The History of Solar Power
Solar energy has been used in various ways since the 7th century BC when the sun’s rays were magnified and used to create fire. In the third century B.C. the Greeks and Romans used ‘burning mirrors’ to light torches for religious purposes. It has been said that in the 2nd century B.C. Archimedes used the reflective properties of brass to set fire to Roman ships attacking Syracuse. By the 6th century A.D. sunrooms on houses were so popular that the Justinian Code initiated ‘sun rights’ to ensure individual access to the sun.

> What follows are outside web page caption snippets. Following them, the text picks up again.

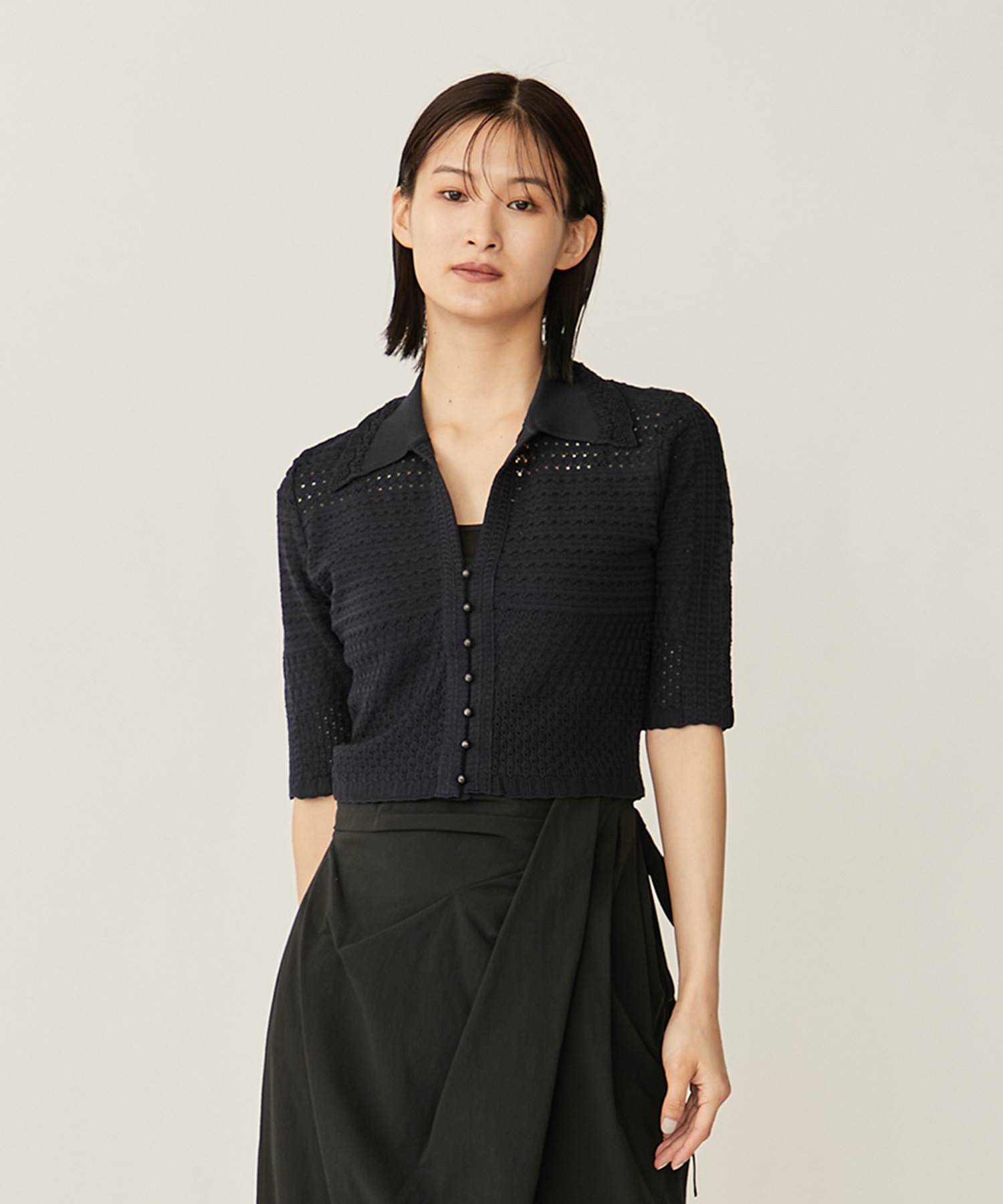 Lace Knitted Top(1 NAVY): Mame Kurogouchi: WOMENS｜ STUDIOUS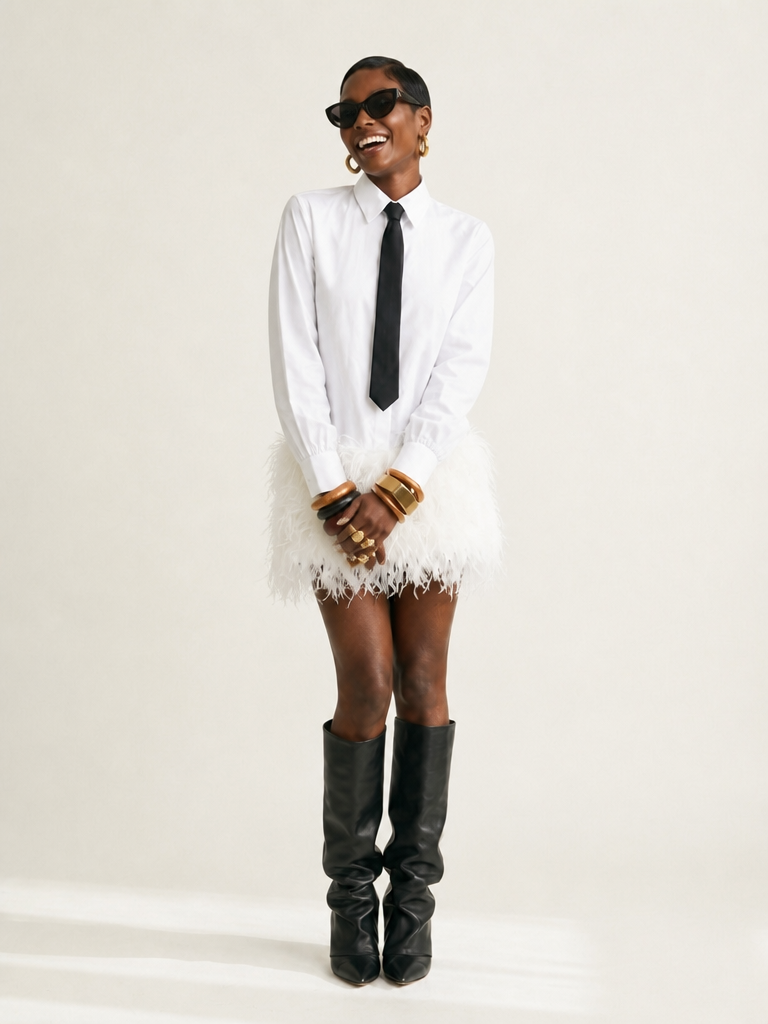 Daring Feather Trim Mini Blouse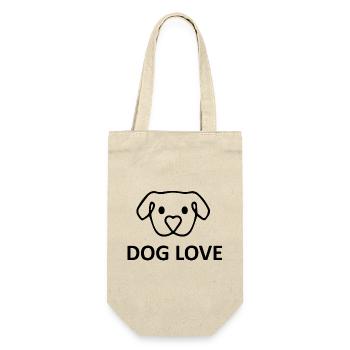 Dog Hund - Geschenkbeutel für Flaschen - Natur - Vorne
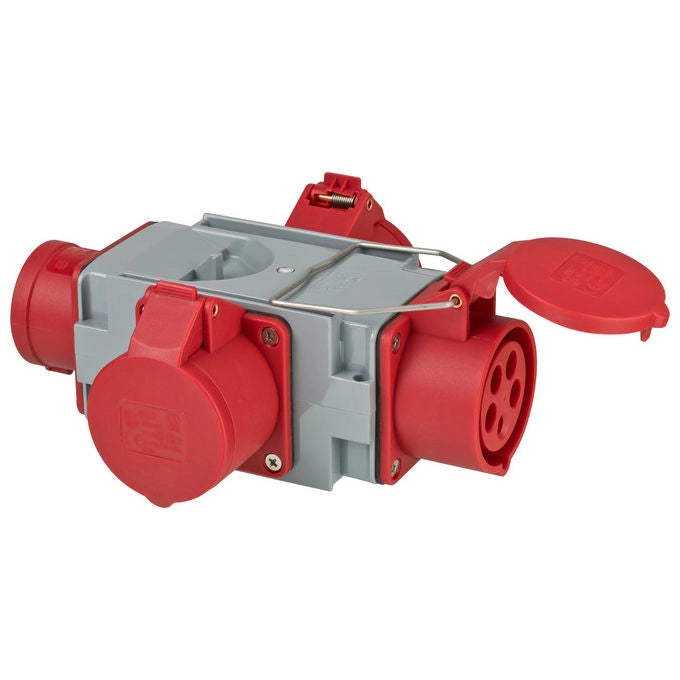 Brennenstuhl 1081640 Distributore trasversale CEE 400 V 16 A 3 prese IP44 colore Grigio Rosso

All early uses of the suns energy focused on heat and passive solar design. Passive solar covers everything from where to position your doors and windows to gain the most heat in buildings, to warming items that hold their heat through the night. Click here for example and information on an indirect gain tromble wall design that uses passive solar.
The first solar cell
The world’s first ‘solar collector cell’ is commonly considered to have been conceived and constructed in 1767 by a Swiss scientist called Horace-Benedict de Saussure (right) when heat power, mainly steam, was being explored. He constructed an insulated box with an opening and three layers of glass. It magnified the suns heat to temperatures in excess of 230 degrees Fahrenheit and could be used in a variety of ways.
The photovoltaic effect
In 1839 we encountered a major milestone in the evolution of solar energy: The defining of the photovoltaic effect. At the age of 19 a young French scientist by the name of Edmund Bacquerel discovered the photovoltaic effect whilst experimenting in his father’s laboratory with an electrolytic cell made up of two metal electrodes placed in an electrolyte. After exposing it to light, electricity increased. Willoughby Smith first described the “Effect of Light on Selenium during the passage of Electric Current” in an article that was first published in the February 1873 issue of Nature. It was six years before the first solid state photovoltaic cell was manufactured by Charles Fritts, who coated the semiconductor selenium with a thin layer of gold to form the junctions. This device was only around 1% efficient but was the first to demonstrate that solid material with no moving parts could be used to convert sunlight directly into electrical energy.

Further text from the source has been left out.